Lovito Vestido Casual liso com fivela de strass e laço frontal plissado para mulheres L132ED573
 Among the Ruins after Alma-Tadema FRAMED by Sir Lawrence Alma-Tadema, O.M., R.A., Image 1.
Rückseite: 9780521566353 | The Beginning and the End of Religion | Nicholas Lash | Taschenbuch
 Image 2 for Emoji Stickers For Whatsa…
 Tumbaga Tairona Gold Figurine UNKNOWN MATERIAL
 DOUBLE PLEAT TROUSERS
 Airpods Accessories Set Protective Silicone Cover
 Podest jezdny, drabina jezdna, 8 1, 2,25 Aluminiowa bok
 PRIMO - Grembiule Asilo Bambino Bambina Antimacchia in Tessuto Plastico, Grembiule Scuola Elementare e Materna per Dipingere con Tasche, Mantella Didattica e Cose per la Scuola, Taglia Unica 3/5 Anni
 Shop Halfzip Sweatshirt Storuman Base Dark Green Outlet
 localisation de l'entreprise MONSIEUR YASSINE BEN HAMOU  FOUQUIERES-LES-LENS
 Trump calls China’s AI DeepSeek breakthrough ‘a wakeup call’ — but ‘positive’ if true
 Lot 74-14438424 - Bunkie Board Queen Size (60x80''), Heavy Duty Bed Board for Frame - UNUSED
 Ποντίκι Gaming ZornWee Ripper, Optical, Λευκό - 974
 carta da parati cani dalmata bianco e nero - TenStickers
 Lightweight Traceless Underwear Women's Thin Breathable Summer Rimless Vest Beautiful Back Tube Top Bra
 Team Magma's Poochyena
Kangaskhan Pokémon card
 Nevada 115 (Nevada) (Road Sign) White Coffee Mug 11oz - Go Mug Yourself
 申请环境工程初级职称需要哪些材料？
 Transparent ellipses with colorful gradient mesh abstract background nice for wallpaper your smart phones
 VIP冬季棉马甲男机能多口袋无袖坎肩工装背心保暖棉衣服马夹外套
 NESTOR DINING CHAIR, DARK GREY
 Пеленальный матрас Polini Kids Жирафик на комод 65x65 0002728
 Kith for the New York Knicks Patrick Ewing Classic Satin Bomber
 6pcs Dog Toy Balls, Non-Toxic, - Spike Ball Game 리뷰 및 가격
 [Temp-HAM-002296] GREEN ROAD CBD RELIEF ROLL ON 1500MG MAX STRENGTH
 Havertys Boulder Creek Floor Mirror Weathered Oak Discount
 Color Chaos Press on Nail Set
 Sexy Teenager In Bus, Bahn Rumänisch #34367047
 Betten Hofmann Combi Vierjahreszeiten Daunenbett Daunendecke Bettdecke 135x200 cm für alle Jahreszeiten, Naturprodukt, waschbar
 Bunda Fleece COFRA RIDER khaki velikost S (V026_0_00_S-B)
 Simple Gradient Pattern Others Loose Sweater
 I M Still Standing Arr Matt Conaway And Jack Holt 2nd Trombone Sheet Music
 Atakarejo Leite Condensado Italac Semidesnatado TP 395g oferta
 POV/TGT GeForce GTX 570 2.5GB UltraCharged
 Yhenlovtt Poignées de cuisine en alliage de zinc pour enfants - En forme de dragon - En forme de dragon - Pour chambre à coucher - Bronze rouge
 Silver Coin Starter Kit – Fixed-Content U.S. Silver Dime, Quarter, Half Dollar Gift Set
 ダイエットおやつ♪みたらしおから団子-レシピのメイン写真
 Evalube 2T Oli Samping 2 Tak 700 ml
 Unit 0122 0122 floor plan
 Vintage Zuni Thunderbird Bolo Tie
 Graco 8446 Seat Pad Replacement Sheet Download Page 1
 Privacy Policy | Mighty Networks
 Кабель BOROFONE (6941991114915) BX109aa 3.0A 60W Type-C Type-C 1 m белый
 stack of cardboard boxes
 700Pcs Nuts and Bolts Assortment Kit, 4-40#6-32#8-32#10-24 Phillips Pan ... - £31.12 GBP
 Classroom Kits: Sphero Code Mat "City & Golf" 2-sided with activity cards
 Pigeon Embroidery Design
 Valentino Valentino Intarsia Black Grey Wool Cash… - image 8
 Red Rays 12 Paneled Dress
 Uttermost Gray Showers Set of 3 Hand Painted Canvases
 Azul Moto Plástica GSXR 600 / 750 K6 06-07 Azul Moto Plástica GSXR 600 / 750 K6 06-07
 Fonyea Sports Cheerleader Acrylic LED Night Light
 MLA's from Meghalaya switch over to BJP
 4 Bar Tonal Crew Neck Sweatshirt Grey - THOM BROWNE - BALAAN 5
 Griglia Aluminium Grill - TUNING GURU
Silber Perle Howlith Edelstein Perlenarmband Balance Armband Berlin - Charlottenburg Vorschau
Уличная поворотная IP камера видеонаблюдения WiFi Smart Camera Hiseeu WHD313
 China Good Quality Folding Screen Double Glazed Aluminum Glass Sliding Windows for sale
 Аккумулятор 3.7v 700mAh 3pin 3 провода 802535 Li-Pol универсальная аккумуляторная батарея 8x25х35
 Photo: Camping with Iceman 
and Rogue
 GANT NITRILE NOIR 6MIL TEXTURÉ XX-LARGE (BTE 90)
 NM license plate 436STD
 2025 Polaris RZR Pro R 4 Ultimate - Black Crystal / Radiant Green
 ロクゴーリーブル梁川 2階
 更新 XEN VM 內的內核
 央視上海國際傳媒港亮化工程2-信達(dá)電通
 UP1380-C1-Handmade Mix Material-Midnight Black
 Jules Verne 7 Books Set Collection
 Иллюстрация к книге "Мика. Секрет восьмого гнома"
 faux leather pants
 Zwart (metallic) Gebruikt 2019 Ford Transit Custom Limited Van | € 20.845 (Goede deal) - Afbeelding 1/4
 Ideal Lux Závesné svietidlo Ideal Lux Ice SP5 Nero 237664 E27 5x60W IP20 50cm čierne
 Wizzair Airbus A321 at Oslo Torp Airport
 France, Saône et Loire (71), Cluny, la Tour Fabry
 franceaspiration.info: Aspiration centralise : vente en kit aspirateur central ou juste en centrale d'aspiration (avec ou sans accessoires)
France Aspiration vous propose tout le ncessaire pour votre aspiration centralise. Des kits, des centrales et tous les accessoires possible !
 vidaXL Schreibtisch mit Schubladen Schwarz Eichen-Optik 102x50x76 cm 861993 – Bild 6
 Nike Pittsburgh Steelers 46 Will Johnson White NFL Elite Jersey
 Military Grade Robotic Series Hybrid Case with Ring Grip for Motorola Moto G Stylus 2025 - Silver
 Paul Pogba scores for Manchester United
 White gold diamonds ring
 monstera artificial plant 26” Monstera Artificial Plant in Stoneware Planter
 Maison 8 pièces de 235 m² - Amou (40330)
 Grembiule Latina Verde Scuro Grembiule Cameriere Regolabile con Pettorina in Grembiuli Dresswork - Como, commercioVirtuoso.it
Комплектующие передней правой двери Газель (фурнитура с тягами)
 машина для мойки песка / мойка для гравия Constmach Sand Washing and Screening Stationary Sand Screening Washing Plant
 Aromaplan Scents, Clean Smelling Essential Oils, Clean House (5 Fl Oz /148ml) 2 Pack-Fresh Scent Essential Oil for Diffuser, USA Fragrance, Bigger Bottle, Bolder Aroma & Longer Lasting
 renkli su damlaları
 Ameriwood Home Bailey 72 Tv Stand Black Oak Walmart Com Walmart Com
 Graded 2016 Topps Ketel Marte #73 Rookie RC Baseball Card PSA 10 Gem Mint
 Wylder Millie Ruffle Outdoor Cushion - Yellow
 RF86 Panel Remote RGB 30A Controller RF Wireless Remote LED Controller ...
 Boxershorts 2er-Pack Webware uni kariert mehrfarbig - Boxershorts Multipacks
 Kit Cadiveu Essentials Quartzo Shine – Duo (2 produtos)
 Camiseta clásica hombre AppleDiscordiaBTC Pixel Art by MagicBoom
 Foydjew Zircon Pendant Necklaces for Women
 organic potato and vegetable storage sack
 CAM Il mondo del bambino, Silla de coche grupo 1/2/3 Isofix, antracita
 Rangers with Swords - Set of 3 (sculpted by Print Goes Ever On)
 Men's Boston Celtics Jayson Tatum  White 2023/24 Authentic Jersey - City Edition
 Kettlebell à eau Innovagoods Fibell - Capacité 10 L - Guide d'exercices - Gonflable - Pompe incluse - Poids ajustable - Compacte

==*==

§ TASK BRIEF
Whatever else the listing above holds, retype exactly only the lines from the one containing "Graco 8446 Seat" to the one containing "更新 XEN VM 內的內核", both ends kept.

§ OUTPUT OF THE EXERCISE
 Graco 8446 Seat Pad Replacement Sheet Download Page 1
 Privacy Policy | Mighty Networks
 Кабель BOROFONE (6941991114915) BX109aa 3.0A 60W Type-C Type-C 1 m белый
 stack of cardboard boxes
 700Pcs Nuts and Bolts Assortment Kit, 4-40#6-32#8-32#10-24 Phillips Pan ... - £31.12 GBP
 Classroom Kits: Sphero Code Mat "City & Golf" 2-sided with activity cards
 Pigeon Embroidery Design
 Valentino Valentino Intarsia Black Grey Wool Cash… - image 8
 Red Rays 12 Paneled Dress
 Uttermost Gray Showers Set of 3 Hand Painted Canvases
 Azul Moto Plástica GSXR 600 / 750 K6 06-07 Azul Moto Plástica GSXR 600 / 750 K6 06-07
 Fonyea Sports Cheerleader Acrylic LED Night Light
 MLA's from Meghalaya switch over to BJP
 4 Bar Tonal Crew Neck Sweatshirt Grey - THOM BROWNE - BALAAN 5
 Griglia Aluminium Grill - TUNING GURU
Silber Perle Howlith Edelstein Perlenarmband Balance Armband Berlin - Charlottenburg Vorschau
Уличная поворотная IP камера видеонаблюдения WiFi Smart Camera Hiseeu WHD313
 China Good Quality Folding Screen Double Glazed Aluminum Glass Sliding Windows for sale
 Аккумулятор 3.7v 700mAh 3pin 3 провода 802535 Li-Pol универсальная аккумуляторная батарея 8x25х35
 Photo: Camping with Iceman 
and Rogue
 GANT NITRILE NOIR 6MIL TEXTURÉ XX-LARGE (BTE 90)
 NM license plate 436STD
 2025 Polaris RZR Pro R 4 Ultimate - Black Crystal / Radiant Green
 ロクゴーリーブル梁川 2階
 更新 XEN VM 內的內核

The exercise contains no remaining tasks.